→ **WORK INSTRUCTION**:
In the entries that follow, find the line containing "Свечи NGK BR8ES (3961)" and the line containing "Beautifully decorated in the Essex House!", then copy exactly everything from the first through the second except the pictures.

→ **DATASET EXTRACT**:
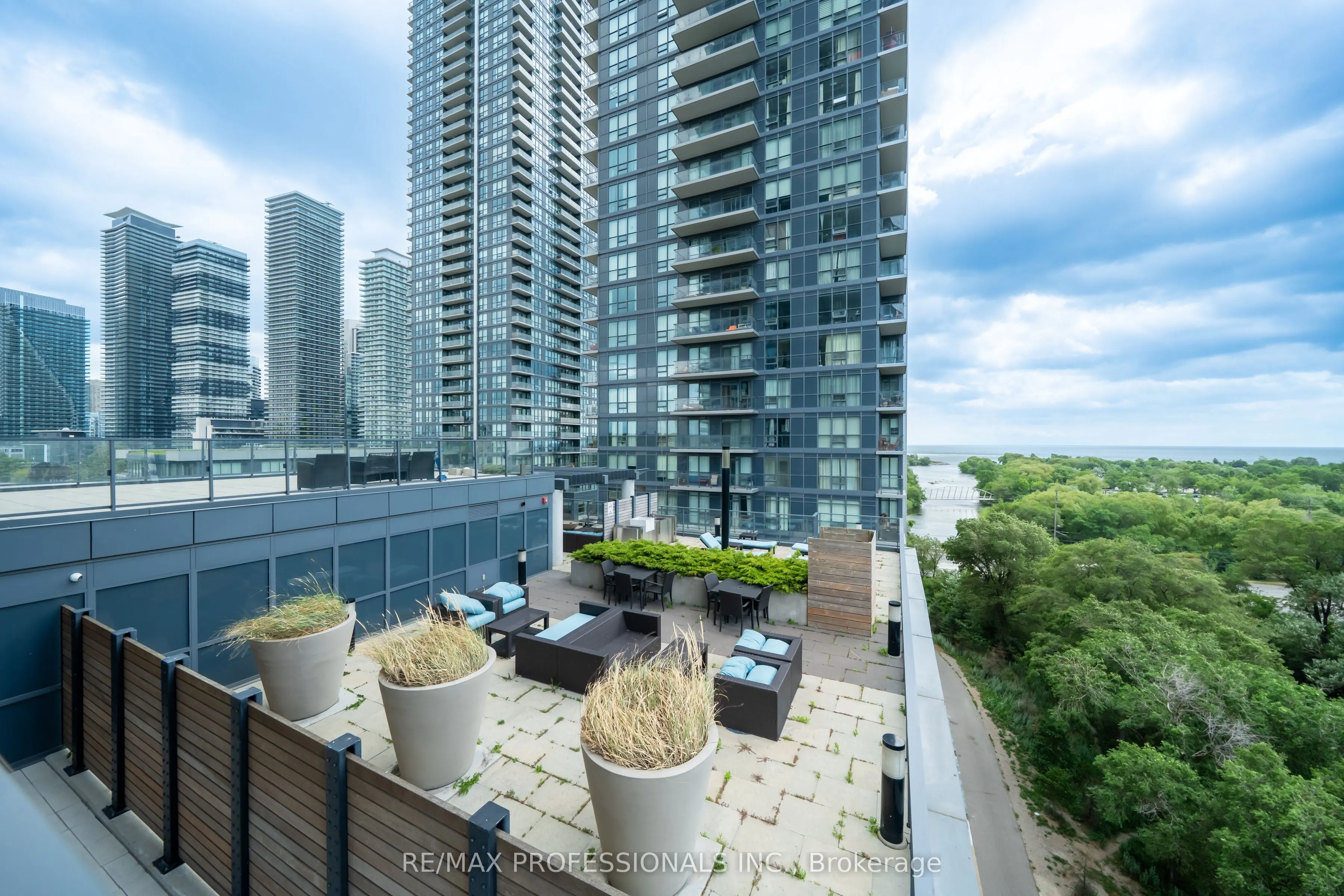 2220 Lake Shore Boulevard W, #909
---
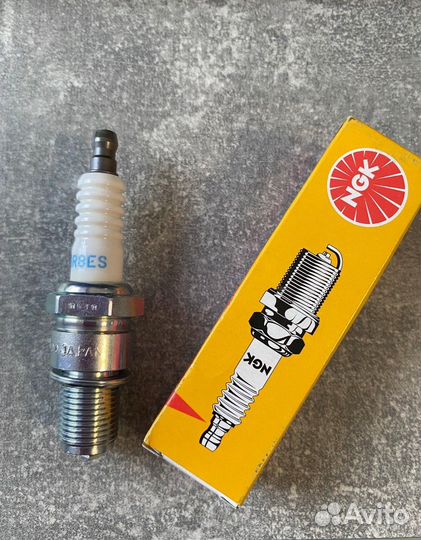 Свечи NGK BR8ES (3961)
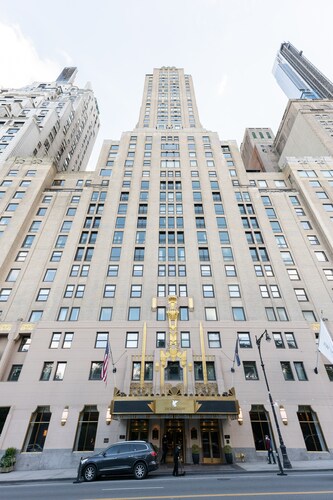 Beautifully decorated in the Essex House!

→ **SOLUTION**:
 Свечи NGK BR8ES (3961)
 Beautifully decorated in the Essex House!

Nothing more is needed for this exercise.